The listening Azalea smiled, incredulously at Nita's protests, and murmured:
"She is pretending to be coy, the coquette. But it is not true that she is in no hurry to marry him. She will doubtless elope with him in a week. But why does she put such stress on a year—a whole year?" and the words sunk deep in Azalea's memory to be recalled in fateful after days.
It was crowded with the elements of tragedy and despair, the love-story of Nita! And while struggling desperately for just a little happiness, she was forging the fetters of a cruel fate. Weak and loving, she said to herself:
"What can it matter if I love him just a little while? A few loving words and kisses, that will be all my sin, and it seems to me that even the angels might pity me for so small a wrong. I am cheating Miser Farnham of nothing, for I shall never be his wife in reality. When the day comes for him to claim me, I shall be lying dead. His offer only put off my death one year longer."
And kneeling by her bed that night, Nita innocently thanked God for Dorian's love, and prayed that she might have just a few months of happiness.

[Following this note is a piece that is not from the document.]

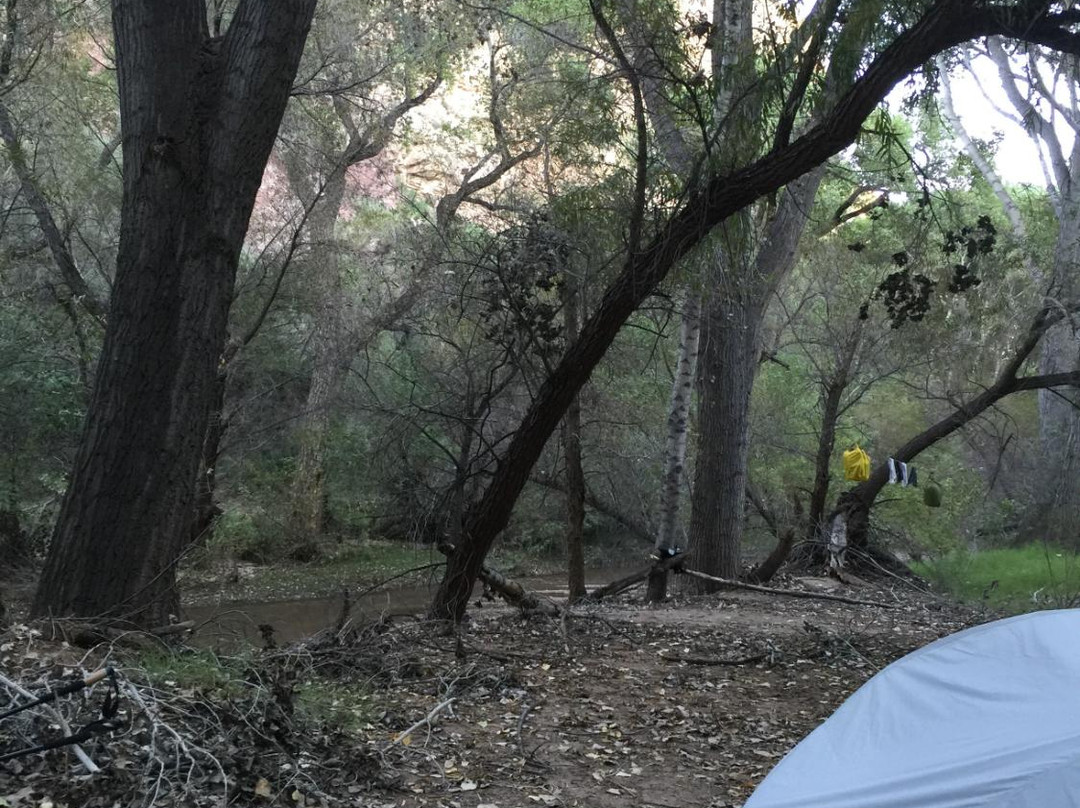 Aravaipa Canyon Wilderness - West Trailhead-Winkelman必去景点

Before retiring, Dorian had written a letter to a friend in New York asking him to come down to Pirate Beach to see him. He hoped to be strong enough in a few days to go out, and with his heart on fire at the angry words Donald Kayne had rashly spoken to Nita, he was resolved on sending Kayne a challenge to a duel.
In the meantime, his perplexed thoughts ran constantly on Nita, the wonderful serpent-ring, Kayne's interest in it, and the young girl's mysterious refusal to explain how it came into her possession, and last, but not least, he was full of wonder at Nita's assertion that Miser Farnham would sooner kill her than permit her to marry him.
"That is very, very strange," mused Dorian. "Why should he object to me for Nita's husband? He lives in New York, and he must certainly know that I am considered an unexceptionable parti. I certainly shall not give up Nita if I have to elope with her, and thus defy her crusty old guardian."
It was strange how this new love had struck its vigorous roots deep down into Dorian's nature. Some loves he had had before, but they had burned themselves out in brief flirtations, and he had grown to distrust the sex. Then all at once he had come to a new era in life.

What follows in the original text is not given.